Białoruś oficjalnie wystąpiła do władz polskich o ekstradycję Andreja Ż. biznesmena oskarżonego o wyłudzenie z białoruskich banków 700 tysięcy dolarów. Od prawie dwóch miesięcy Andriej Ż. przebywa w białostockim areszcie śledczym. Wcześniej przez dwa lata poszukiwany był międzynarodowym listem gończym.

Prokuratura okręgowa wystąpiła już do sądu o przedłużenie aresztu tymczasowego dla Andrzeja Ż., aby przeprowadzić procedurę ekstradycyjną. Tymczasem sam zatrzymany twierdzi, że na Białorusi poszukiwany jest za działalność opozycyjną. Białoruska opozycja wydała jednak oświadczenie, w którym jednoznacznie odcina się od jego poczynań finansowych. Jak powiedział reporterowi RMF FM Jan Abadouski prezes Komitetu Organizacyjnego Związku Białoruskich Uchodźców Politycznych w Polsce Andrzej Ż. rozpoczął głodówkę w areszcie śledczym. W ten sposób chce wymusić na władzach, aby za popełnione przestępstwa sądzony był w Polsce. Na Białorusi bowiem odpowie za swoją działalność opozycyjną.
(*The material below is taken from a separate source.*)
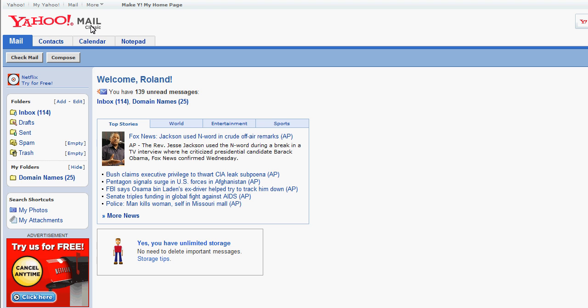If you look on the screen here, I'm in Yahoo Mail Classic, and I'm going to go over here onto the upper right side, under the Options button, click on that. It brings down this little drop-down box. I'm going to click on Mail Options.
Polsko - białoruska umowa o pomocy prawnej zmusza polskie władze do stosowania aresztu ekstradycyjnego wobec każdego obywatela Białorusi poszukiwanego przez organa śledcze Białorusi. Według obrońców praw człowieka ustawa może być nadużywana przez władze w Mińsku do ścigania w Polsce wrogów politycznych. Jan Abadouski jest jednym z inicjatorów powołania i zarejestrowania w Białymstoku - Związku Uchodźców Białoruskich w Polsce. Abadouski - członek opozycyjnego Młodego Frontu - młodzieżówki Białoruskiego Frontu Narodowego walczącego z reżimem Aleksandra Łukaszenki - zapowiada dziś protesty w Warszawie. Pikiety w sprawie Andrieja Ż. i Leonida Wołka - Białorusinów, którzy przebywają w polskich aresztach.